■ **DATASET EXCERPT**:
■ ■ ■ ■ ■
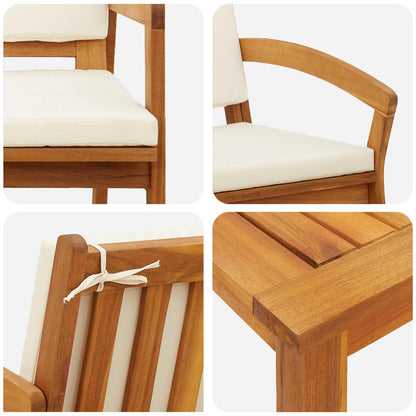 Set bistrot con cuscino 5 pcs Marrone Poliestere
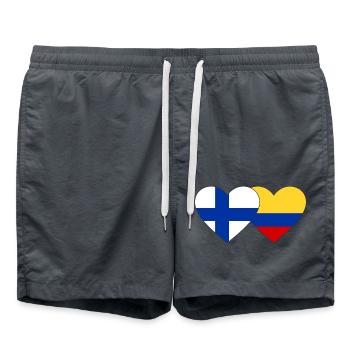 Finland Colombia Flag Heart - Swim Trunks - anthracite - Front - AI Model Male 185 light (185cm)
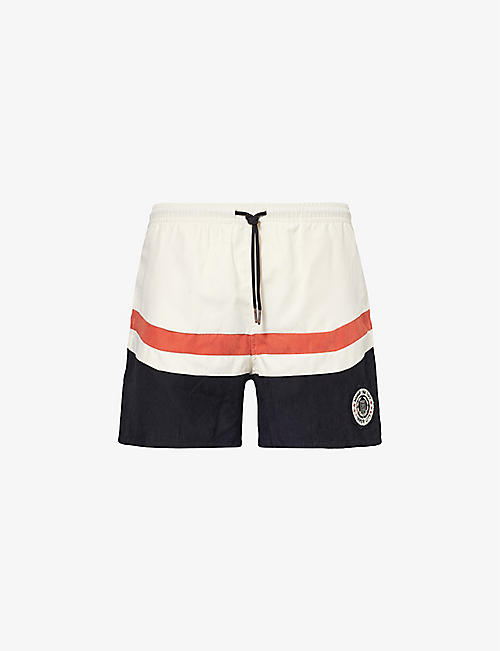 HONOR THE GIFT: Brushed brand-patch woven shorts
■ ■ ■ ■ ■
■ **TASK TO CARRY OUT**:
Reproduce word for word the lines from the line holding "Finland Colombia Flag" through the last line of the material above, inclusive, and keep pictures out of it.

■ **SOLUTION TO THE PROBLEM**:
 Finland Colombia Flag Heart - Swim Trunks - anthracite - Front - AI Model Male 185 light (185cm)
 HONOR THE GIFT: Brushed brand-patch woven shorts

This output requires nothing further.